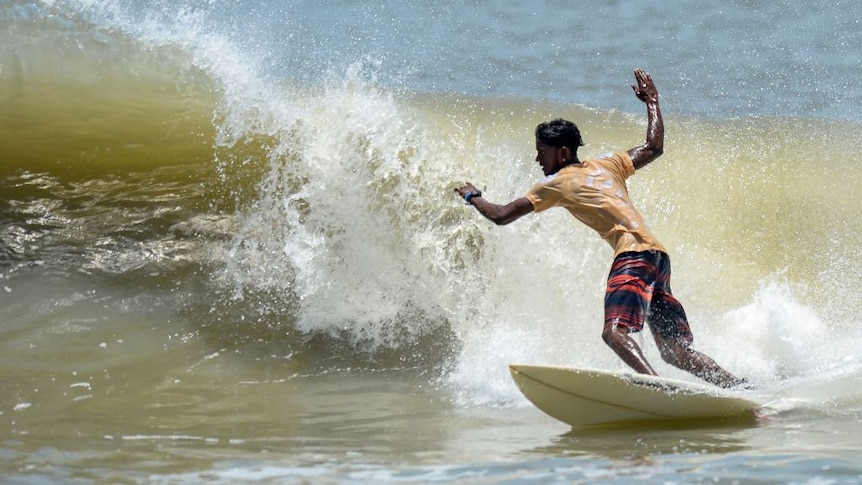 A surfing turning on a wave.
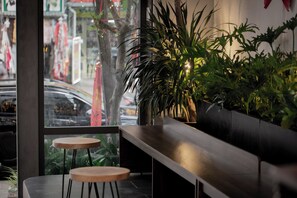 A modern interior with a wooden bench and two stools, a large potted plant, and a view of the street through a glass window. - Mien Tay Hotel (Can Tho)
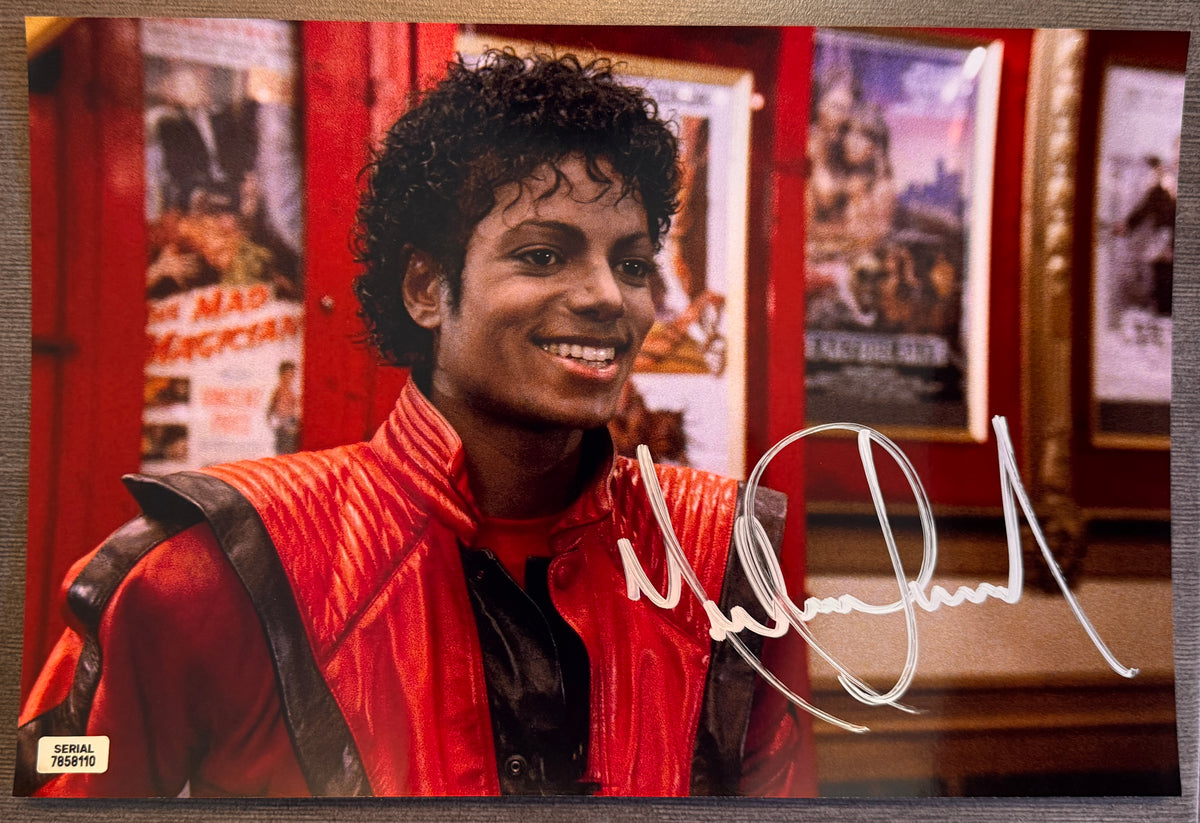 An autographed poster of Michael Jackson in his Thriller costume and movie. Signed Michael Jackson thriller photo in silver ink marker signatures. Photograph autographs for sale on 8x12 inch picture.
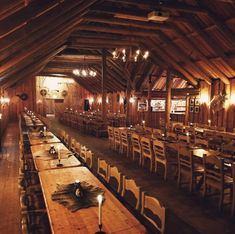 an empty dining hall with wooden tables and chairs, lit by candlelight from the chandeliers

■ ■ ■

■ Try it: When you restate the listing, keep every word as it is and drop the pictures.

■ Exercise solution:
 A surfing turning on a wave.
 A modern interior with a wooden bench and two stools, a large potted plant, and a view of the street through a glass window. - Mien Tay Hotel (Can Tho)
 An autographed poster of Michael Jackson in his Thriller costume and movie. Signed Michael Jackson thriller photo in silver ink marker signatures. Photograph autographs for sale on 8x12 inch picture.
 an empty dining hall with wooden tables and chairs, lit by candlelight from the chandeliers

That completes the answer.